Thanks for any suggestions,
CCC


----------



## Jdinh04 (Oct 7, 2004)

I am having problems with growing moss as well, I currently have some attached to my driftwood in my 20g with C02, we'll have to see what it looks like in weeks. I have a bunch extras and placed them in a jar. I will be getting 2 nize size softball of java moss soon, and i'll probably add that to another tank or something and see how it does.


----------



## iris600 (Feb 12, 2004)

I have never recieved dead and brown moss, that said, I let my extra moss float at the top of my aquarium and it quickly grew too large. I have since moved all moss not attached to my driftwood elsewhere. I think proper ferts, good light, and handpicking out the dead moss should do the trick. As far as on the windowsill, this stuff really isn't difficult to grow. As a child I grew it in a goldfish tank with one shoplight, and it lived for years.


----------



## depthc (Mar 7, 2004)

Ive never received browned java moss. Its tough stuff so it ships very well. Most likely it was sold to you in poor condition and because of this you have had to wait it out and watch for it to grow. Ive had much better luck growing java moss when i received it healthy.

Andrew


----------



## trenac (Jul 16, 2004)

Java Moss should be green when you purchase it, if your LFS is receiving brown moss then they are getting poor quality moss. You may want to trim back the moss and try pulling out the dead pieces, however that may be tedious work. Other wise just give it some time and all you should see is green.


----------



## TripleC (Mar 11, 2005)

The moss I got was from aquariumplants.com...not from my LFS. It definitely showed up brown. However, as I mentioned before, someone at my LFS told me that it was normal to come that way and would grow green with time. It deifinitely did grow and pearl a little bit, but it's just not as pretty as I'd like.
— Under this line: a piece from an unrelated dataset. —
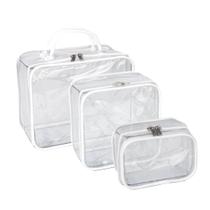 Kit 3 Necessaries Transparente Impermeável com Zíper Kit 3 Necessaries Transparente Impermeável com Zíper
So what's the consensus on the window sill idea? Would it grow if I put it into a glass jar with some tank water and ferts?


----------



## Jdinh04 (Oct 7, 2004)

Maybe there wasn't damped enough, give it some time and it should grow.


----------



## MatPat (Mar 22, 2004)

It should do just fine in a glass jar on a window sill but I would keep an eye out for algae and green water. The sun is much stronger than aquarium lighting.

I have made green water by adding a few grains of Miracle Grow to a quart jar and left it on a window sill. I have had it happen within a few days in direct sun.

I would probably just use some aquarium water and do water changes on the jar when you do them on your tank. Why don't you just put a small amount of your moss in a jar and see what happens? What can it hurt?

If you decide to do it, post your results. It would be interesting to find out how it works!


----------



## TripleC (Mar 11, 2005)

MatPat said:


> I would probably just use some aquarium water and do water changes on the jar when you do them on your tank. Why don't you just put a small amount of your moss in a jar and see what happens? What can it hurt?
> 
> If you decide to do it, post your results. It would be interesting to find out how it works!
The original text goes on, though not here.